### Data listing
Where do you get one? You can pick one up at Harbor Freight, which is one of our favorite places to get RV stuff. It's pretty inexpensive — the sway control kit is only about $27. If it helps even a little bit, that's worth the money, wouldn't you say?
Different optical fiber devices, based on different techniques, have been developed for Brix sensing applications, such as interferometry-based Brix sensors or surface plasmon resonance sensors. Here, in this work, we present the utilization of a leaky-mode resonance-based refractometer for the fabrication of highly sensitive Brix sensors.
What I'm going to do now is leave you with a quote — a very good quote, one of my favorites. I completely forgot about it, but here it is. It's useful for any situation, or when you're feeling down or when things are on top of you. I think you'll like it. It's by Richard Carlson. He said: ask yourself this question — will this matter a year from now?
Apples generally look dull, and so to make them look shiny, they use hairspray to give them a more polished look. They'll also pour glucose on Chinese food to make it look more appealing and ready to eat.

---

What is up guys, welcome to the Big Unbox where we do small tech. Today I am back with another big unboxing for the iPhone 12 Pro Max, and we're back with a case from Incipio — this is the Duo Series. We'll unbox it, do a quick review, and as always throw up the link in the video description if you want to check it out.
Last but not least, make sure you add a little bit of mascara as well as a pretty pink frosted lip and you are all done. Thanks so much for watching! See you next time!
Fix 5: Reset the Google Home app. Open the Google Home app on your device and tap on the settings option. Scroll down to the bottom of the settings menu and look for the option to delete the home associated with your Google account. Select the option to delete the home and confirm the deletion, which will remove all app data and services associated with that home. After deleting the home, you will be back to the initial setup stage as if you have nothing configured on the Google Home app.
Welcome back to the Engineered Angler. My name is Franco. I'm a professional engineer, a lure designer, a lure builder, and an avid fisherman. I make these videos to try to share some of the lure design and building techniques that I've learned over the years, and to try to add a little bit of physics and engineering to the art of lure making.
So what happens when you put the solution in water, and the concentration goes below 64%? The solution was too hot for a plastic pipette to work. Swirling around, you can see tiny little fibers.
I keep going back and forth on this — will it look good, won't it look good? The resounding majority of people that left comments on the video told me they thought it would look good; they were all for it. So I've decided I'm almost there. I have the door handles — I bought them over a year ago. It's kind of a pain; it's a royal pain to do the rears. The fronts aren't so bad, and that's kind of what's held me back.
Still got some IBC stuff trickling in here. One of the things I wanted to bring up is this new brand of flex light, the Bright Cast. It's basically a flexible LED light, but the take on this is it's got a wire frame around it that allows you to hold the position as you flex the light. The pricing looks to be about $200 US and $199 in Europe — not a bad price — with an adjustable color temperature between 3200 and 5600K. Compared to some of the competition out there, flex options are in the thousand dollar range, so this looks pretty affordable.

...

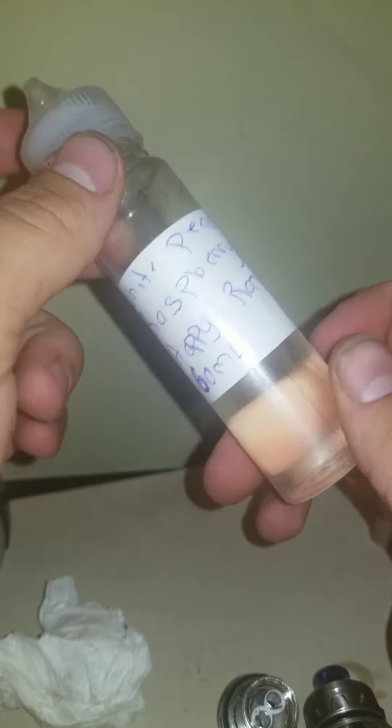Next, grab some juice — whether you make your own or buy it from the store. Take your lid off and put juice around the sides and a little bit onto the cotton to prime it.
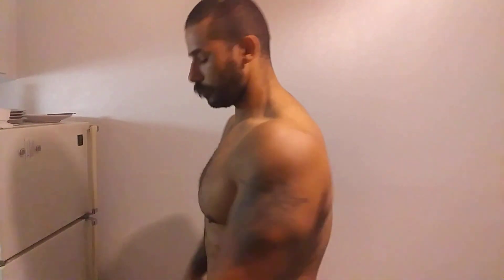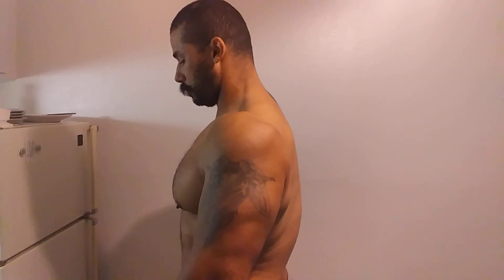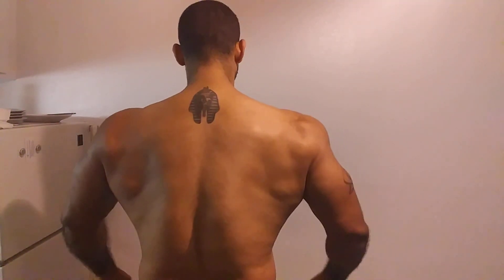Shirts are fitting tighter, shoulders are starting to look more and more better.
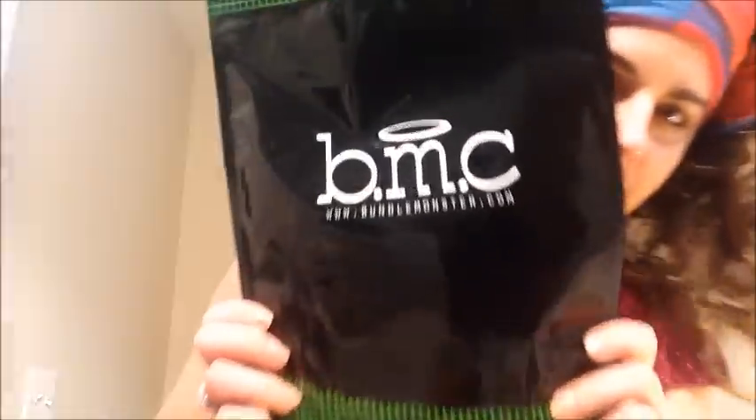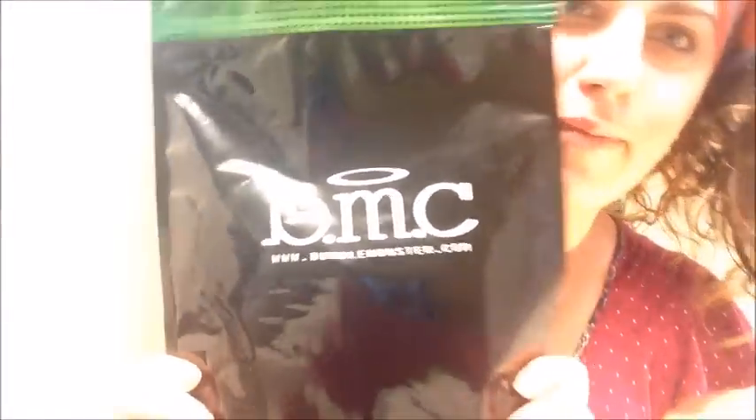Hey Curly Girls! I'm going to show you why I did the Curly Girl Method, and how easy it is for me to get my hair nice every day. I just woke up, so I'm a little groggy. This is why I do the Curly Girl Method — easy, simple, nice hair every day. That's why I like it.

### Goal of the exercise
Tally the lines of the records above that contain the word "work". Give only the total.

### Exercise response
2